I am seeking to define or locate what defines a good floral source and a bad. In thinking about commercial pollinators, are not all of them to some degree, limiting the nutritional diversity when they place bees on single source pollen, such as almonds, apple, pumpkins, etc. There is not a single beekeeper I know who comes back from vine crops without weak bees, light bees, and poorly overwintered bees. Of all the things that commercial beekeepers have in common for the big boys, is there placement of bees on large fields of single source pollen plants.

>>>Also in the case of malnutrition the bees that do recover tend to rob with vengance and will often bee seen gathering salt and minerals from compost piles or trash.

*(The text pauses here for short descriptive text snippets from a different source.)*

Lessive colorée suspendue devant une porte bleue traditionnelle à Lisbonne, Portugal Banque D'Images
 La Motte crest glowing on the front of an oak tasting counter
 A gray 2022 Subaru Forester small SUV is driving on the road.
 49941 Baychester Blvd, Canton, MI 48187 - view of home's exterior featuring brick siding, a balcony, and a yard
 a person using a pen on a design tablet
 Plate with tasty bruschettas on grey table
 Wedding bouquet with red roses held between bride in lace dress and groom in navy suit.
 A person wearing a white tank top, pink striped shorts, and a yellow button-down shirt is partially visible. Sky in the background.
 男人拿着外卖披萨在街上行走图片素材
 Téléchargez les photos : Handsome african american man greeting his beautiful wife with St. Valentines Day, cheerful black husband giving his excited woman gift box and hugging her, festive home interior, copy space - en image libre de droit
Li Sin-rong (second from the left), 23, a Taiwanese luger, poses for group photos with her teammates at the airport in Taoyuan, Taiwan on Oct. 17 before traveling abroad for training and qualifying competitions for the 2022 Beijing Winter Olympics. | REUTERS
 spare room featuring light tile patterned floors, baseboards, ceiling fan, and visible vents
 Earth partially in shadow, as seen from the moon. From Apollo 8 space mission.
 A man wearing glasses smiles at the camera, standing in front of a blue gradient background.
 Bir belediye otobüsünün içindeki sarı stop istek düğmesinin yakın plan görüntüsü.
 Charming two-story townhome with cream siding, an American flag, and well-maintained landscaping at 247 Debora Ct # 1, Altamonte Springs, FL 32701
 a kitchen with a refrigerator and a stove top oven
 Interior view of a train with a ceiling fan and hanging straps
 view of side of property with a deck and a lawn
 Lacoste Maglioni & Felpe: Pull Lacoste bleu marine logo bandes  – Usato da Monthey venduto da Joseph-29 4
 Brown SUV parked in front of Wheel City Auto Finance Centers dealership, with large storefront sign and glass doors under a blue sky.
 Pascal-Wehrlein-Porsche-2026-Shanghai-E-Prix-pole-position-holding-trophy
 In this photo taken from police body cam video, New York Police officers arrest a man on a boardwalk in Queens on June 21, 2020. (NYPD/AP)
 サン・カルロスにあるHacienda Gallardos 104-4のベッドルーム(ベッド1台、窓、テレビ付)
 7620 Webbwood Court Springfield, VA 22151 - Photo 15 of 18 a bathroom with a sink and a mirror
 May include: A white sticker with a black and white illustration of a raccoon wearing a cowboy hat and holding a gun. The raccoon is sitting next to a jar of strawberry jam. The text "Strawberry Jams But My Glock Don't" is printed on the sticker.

Tells me that bees require a wide source for their nutritional needs. They may need additional sources due to beekeeper management. But it tends to make me think that bees do best when nutritional diversity is available to them. I know farmers who use high density pollination farming such as almonds and other crops, do everything in their power to limit any competition and outside influence.

>>>In the case of CCD the bees don't rob, infact it's hard to get them to take honey out of a feeder can.

Sick bees don't do alot of things they normally do. They don't forage, they don't cluster properly, etc. Does not surprise me a bit that bees once afflicted or have crossed the line of no return, fail to feed from feeders.

Sure the final full picture will show a relationship between many variables and many ingredients into the CCD picture. I just think many beekeepers look at pollen coming in, or think because their bees are working a certain crop, and assume that their bees are getting what they require to maintain good health. Seems the two reports from the aussies really make you take notice. 

I knew that poor quality pollen could effect brood developement, etc. I did not know that protein levels within the bees themselves could sway back and forth between 70% and 30%. And at that lower level, dwindling, EFB, and other symptoms can show. It could answer why so many bees die so quick. Poorly raised brood cycles on poor pollen, additional feeding whan fall cycles increase (Many said fall forage conditions were very bad last year.), all relying on possibly the same poor pollen stored earlier from field crops. And, except for the people like Kieth, I question the quality of pollen substitute and patties that we feed bees.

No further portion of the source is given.